Requirement 2: Secondly, the aim of this library is to provide an easy way to work with Typescript types. Therefore you should be able easily construct highly used types like Array<number> like this: {kind: SimpleTypeKind.ARRAY, type: {kind: SimpleTypeKind.NUMBER}} (this also increases the speed of comparing types). If I didn't make SimpleTypeKind.ARRAY, you would need to create the type like this by hand:

const myArray = { 
  kind: 'GENERIC_ARGUMENTS',
  typeArguments: [ { kind: 'NUMBER' } ] ,
  target: { 
     kind: 'OBJECT',
     name: 'Array',
     typeParameters: [ { kind: 'GENERIC_PARAMETER', name: 'T' } ],
     members: [ 
         { name: 'length', optional: false, type: { kind: 'NUMBER' } },
         { name: 'slice',
          optional: false,
          type:
           { kind: 'FUNCTION',
             returnType:
              { kind: 'ARRAY',
                type: { kind: 'GENERIC_PARAMETER', name: 'T' },
                name: 'Array' },
             argTypes:
              [ { name: 'start',
                  optional: true,
                  type: { kind: 'NUMBER' },
                  spread: false,
                  initializer: false },
                { name: 'end',
                  optional: true,
                  type: { kind: 'NUMBER' },
                  spread: false,
                  initializer: false } ] } } ],
     
       .........
       .........
       .........

     ]
  }
}

However less used types like ConcatArray<T> aren't parsed into SimpleTypeKind.ARRAY but into the large object shown above.

Requirement 3: Thirdly, when comparing Typescript types, I first transform them to SimpleType and then I compare them. This means that you can compare Typescript types against your own hand made SimpleTypes. It even means that you can compare two SimpleTypes without the need for a TypeChecker, for example in the browser!

The Problem: For requirement 2, I parse highly used types like Array<T> into SimpleTypeKind.ARRAY, but sadly I lose the structure of the Array<T> type in the process. The problem is that when I'm checking assignability I can end up comparing a SimpleTypeKind.ARRAY with the entire parsed type of ConcatArray<T> taken directly from lib.d.ts, and this will result in ts-simple-type telling that they are not assignable (just like you are experiencing). I would be able to solve it easly if I had access to the Typescript program in the comparison step, but due to requirement 2, I want this library to work without a Typescript program in that phase.

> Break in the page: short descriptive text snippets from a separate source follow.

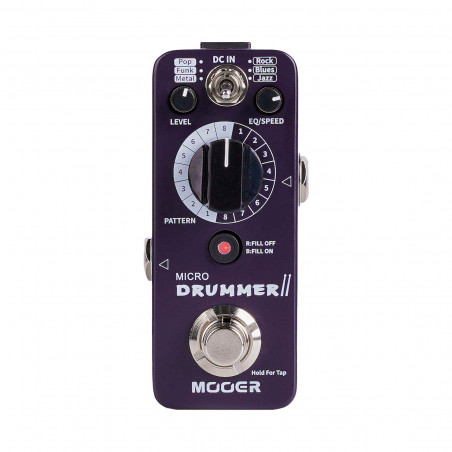 Mooer MICRO DRUMMER II Pedal con ritmos de bateria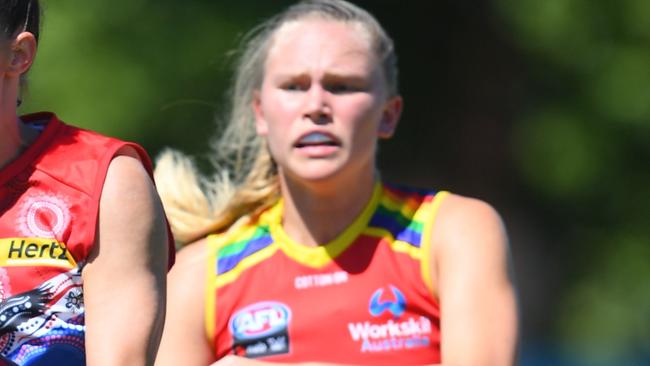 Montana McKinnon’s bid to play in the AFLW grand final has failed at the tribunal. Picture: Getty Images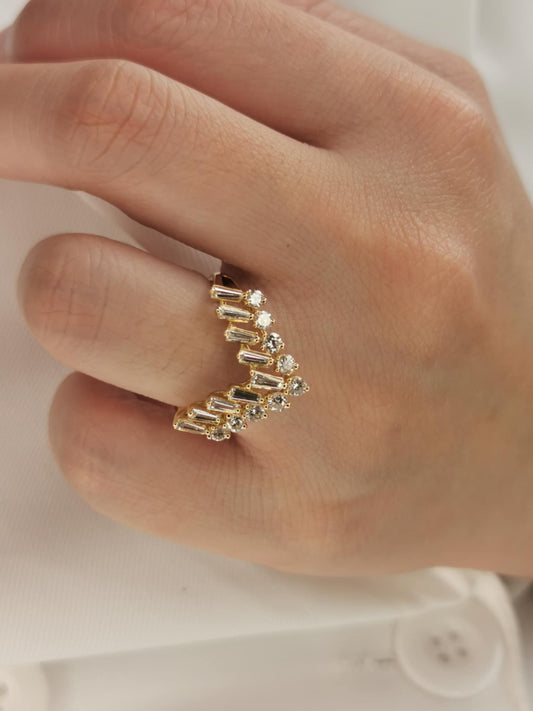 V Elegant Ring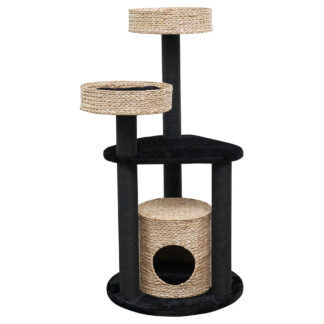 Karlie škrabadlo Scuro I - černá/přírodní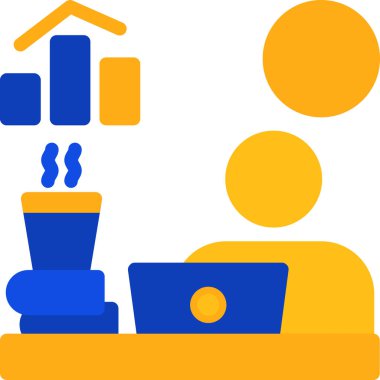 yemek fincanı simgesi düz stil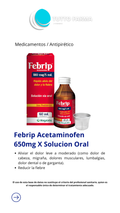 FEBRIC 180MG SOL ORAL 120ML (E)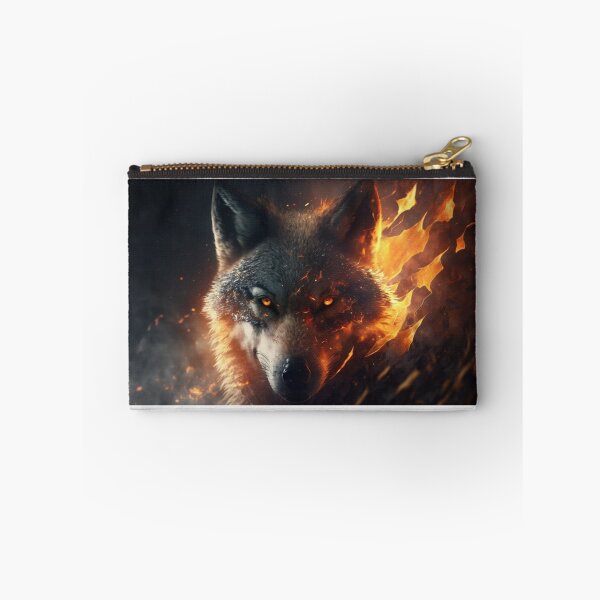 Item preview, Burning head wolf designed and sold by warzin.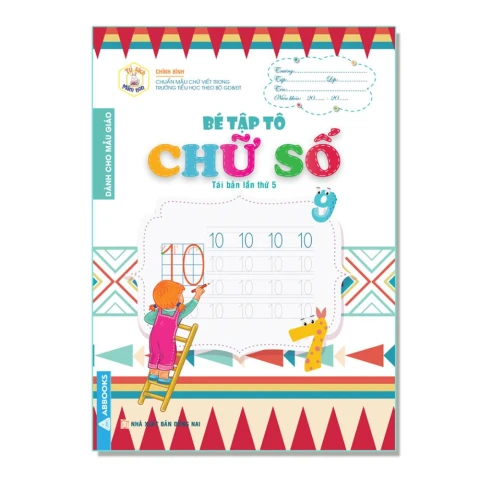 Tập tô màu , chữ, số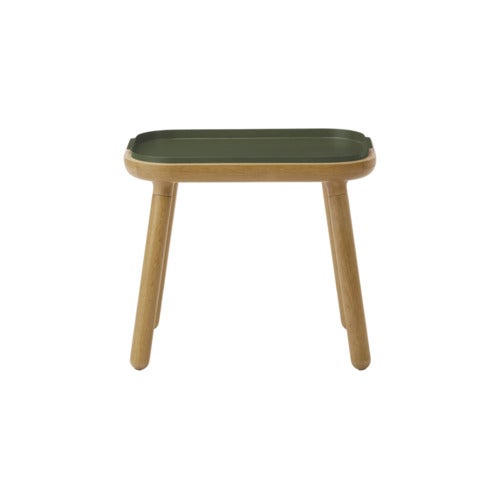 Paff Side Table Oak/Olive Green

Solution: I have been thinking a lot on how to handle it. I don't want to build a half-baked, hard-coded solution, but I still want to include all 3 requirements. I also don't want to make a SimpleTypeKind for each lib type. I think the following is the solution that I'm going to make:

• When building this library, I should parse and generate snapshots of highly used types like Array, Promise and Date and ship them together with the library. Then, when I have to compare SimpleTypeKind.ARRAY against another type, I would be able to instead compare structurally because I would have access to the entire structure of the array type. The only shortcoming I can see with this solution is that I end up baking a specific version of lib.d.ts into the shipped library.

This ended up a bit long and technical, but I hope you understand my thoughts and concerns. I'll keep you updated on the progress in this issue 👍

[AnyhowStep]

I actually appreciate that you went long and technical.

I understand that type checking is a beast, even more so with structural type systems! And even way more so when there are rules involved that aren't even documented!